Once your surface is dry, you can now overpaint it with paint. Appropriately dilute your paint (water for watercolor, water for acrylic, solvent for oil, etc) and apply these “washes” or diluted mixtures over the dry custom surface. You can spray water over the surface or apply water in areas to allow washes to “bleed” or run into each other. On absorbent surfaces, the washes stay wet for awhile due to the large amount of water in the mixtures. This means you can keep applying paint, as well as easily remove paint. On non-absorbent surfaces it is best to add lots of water to the surface to create a puddle, apply paint quickly leaving it alone to dry into interesting puddles.
Left: Washes on gessoed surface
Center: Washes on a mixed absorbency surface
Right: The mixed absorbency surface before paint was applied
6. Mixed absorbency surfaces.
Once you master making a custom surface using only one product, try making a mixed surface by using three or more products. Pick an absorbent, a non-absorbent and a product somewhere in the middle. Apply all over the substrate, overlapping if you wish, so that the end result is a surface with a variety of absorbencies. Once dry, apply diluted paint over the surface to see how quickly the surface encourages all kinds of effects.
You save money because with this process you use very little paint (since it is very diluted).

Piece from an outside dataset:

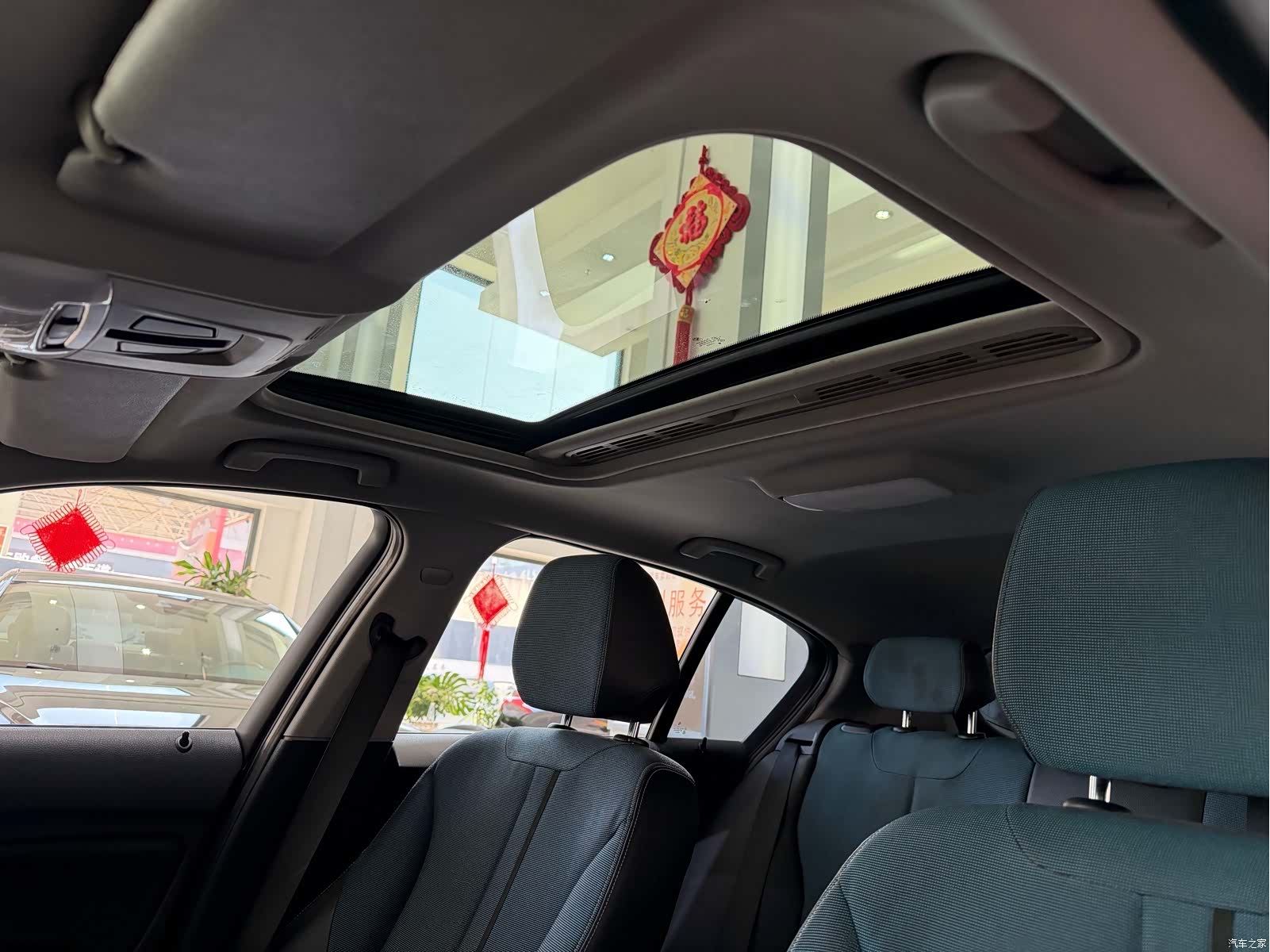 BMW 1 Series, 2012 все фото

7. My favorite mixed surface.
My favorite combination of products to use for a mixed surface is as follows:
First I apply Light Molding Paste in a few areas. This is my favorite absorbent paste, note this is NOT Molding Paste, but is a very different product by Golden called LIGHT Molding Paste. Other absorbent pastes I like are Coarse Molding Paste and Pastel Ground. After applying one or more of these absorbent ones, I can continue to apply other products while still wet if I wish. So next I apply some mid-absorbency products, filling in whatever areas are still uncovered, using products such as Glass Bead Gel, Molding Paste and Heavy Gel Matte. As a last step I apply the non-absorbent products. Anything that dries glossy will work. Whereve I apply gloss, it will act as a resist. When I apply a wash of color of the entire surface, the paint will resist off the gloss, revealing the white surface underneath. I create gloss lines (which will end up being white lines after painting) using Gloss Medium squeezed out of bottles. I create gloss areas (which will result in white areas after painting) using Regular or Soft Gloss Gels, and apply them wet over the still wet mixed surface I am working on. In other words you can apply multiple products in one session while all are still wet. You do not need to wait for one product to dry to add another. But you do need to let the products all dry on the surface for at least one day before using it to overpaint with the diluted paint.